Ogden's nomination became a rallying cry for the anti-sexual right, the first test of their clout with the new Administration, and the new Congress.

"Nominating David Ogden for such a high position in the Justice Department raises questions about whether the new President means business about curbing sexual trafficking in women and children and other sexual exploitation of children and about standing up for policies that value families," declared Robert Peters, president of the anti-pornography organization Morality in Media.

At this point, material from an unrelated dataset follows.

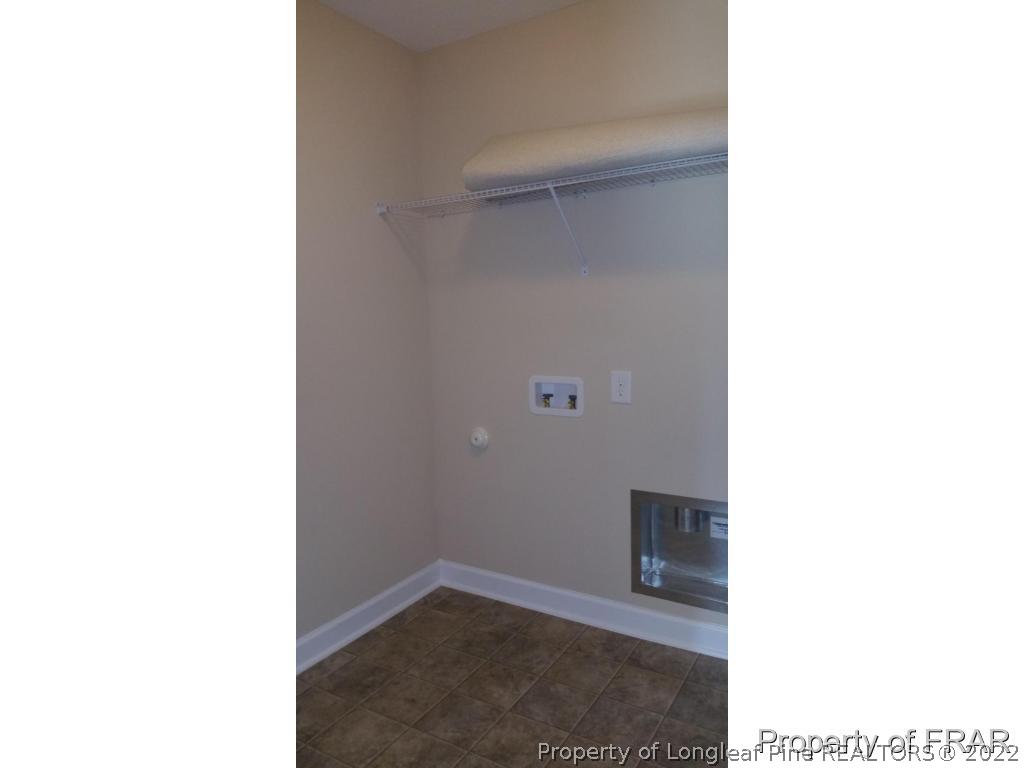 157 Shellbark Drive Spring Lake, NC 28390 - Photo 8 of 17 a view of a room with a white wall and a window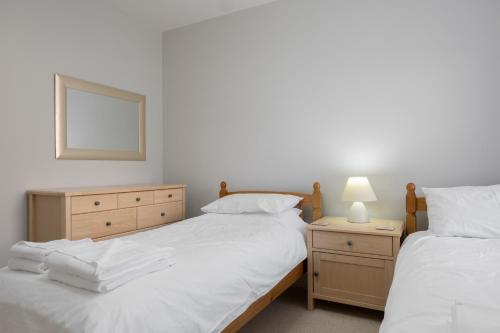 a bedroom with two beds and a dresser and a mirror at Stonehaven ground floor home with a spectacular harbour view. in Stonehaven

"It would be difficult to find a person less desirable to be second in command at the nation's top law enforcement agency," agreed Janice Shaw Crouse of the Beverly LaHaye Institute. She called "nightmarish" not only Ogden's positions regarding the distribution of sexual material, but also his belief that consenting adults should be able to engage in phone sex if they so choose, his arguments "that judges [should] consider the [research findings of the] social sciences" when deliberating rulings in sex-related cases, his representation of "professional psychological associations presenting positive arguments for 'gay' parenting, [and] 'gays' in the military," and his opposition to parental and spousal notification and waiting period requirements for women who choose to have abortions.

Despite a strident effort to rally opposition to Ogden's confirmation, including reported threats by the Family Research Council to target any Republican Senators who voted for him, Ogden was confirmed by a 65-28 Senate vote on March 12.

Dave notes that less is known about current position of Attorney General Eric Holder. Ten years ago he was more conservative and related to porn after the Child Protection Act was declared unconstitutional by the Supreme Court said he wanted to find other ways to restrict sexual materials. The Child Protection Act would have required most any website with "dirty pictures" to have to verify the age via credit card or other means that everyone was over age 18 or face criminal charges. The Supreme Court said this was too broad since it restricted adult access by unreasonable requirements.

Regarding prostitution I find, "Holder, yet another ex-Clintonite, was Clinton’s Deputy Attorney General and US Attorney General for the Washington DC area. He is an extreme drug warrior who believes that harsher and longer sentences should be enacted for minor crimes such as marijuana use and prostitution."

And sadly
Holder is a very disappointing choice for Attorney General. He just doesn't seem to share any modern sense that the worldwide nature of the Internet should not be subject to local community laws. And the notion of judge shopping, courtroom shopping, to find the most conservative possible community in some Southern jurisdiction in a Bible Belt community to decide what persons in New York, Los Angeles or San Francisco may view is outrageous. Holder just doesn't seem to value the separation of church and state any higher than the current religious right wackos who are plentiful in the Bush Justice Department is appalling. The religious right has used the Bush Justice Department to advance it's radical social and cultural agenda, and Eric Holder holds little promise of reversing this abuse of government power and spending of taxpayer money to advance a religious agenda.

Civil liberties supporters have every right to be very disappointed in this awful choice for Attorney General. Government has no legitimate role in using taxpayer dollars to promote a religious agenda. And most existing obscenity laws that involve the distribution of sometimes outrageous or tasteless material between consenting adults is clearly unconstitutional and often just an attempt by religion to enforce their views of culture on the society at large. Government has no legitimate role legislating good taste in entertainment. - Source wizbangblue post by Paul Hooson

Regarding AG Holder, David Steinberg says, "That was ten years ago, and what one advocates in the Age of Obama may well be quite different from what was expedient back then. How much Holder's positions on obscenity and other sexual issues were the basis for his nomination, and how much they were secondary to other matters, is anyone's guess -- as is how much room Obama will give Holder to define DOJ policy on sex, and how much he will set those policies himself."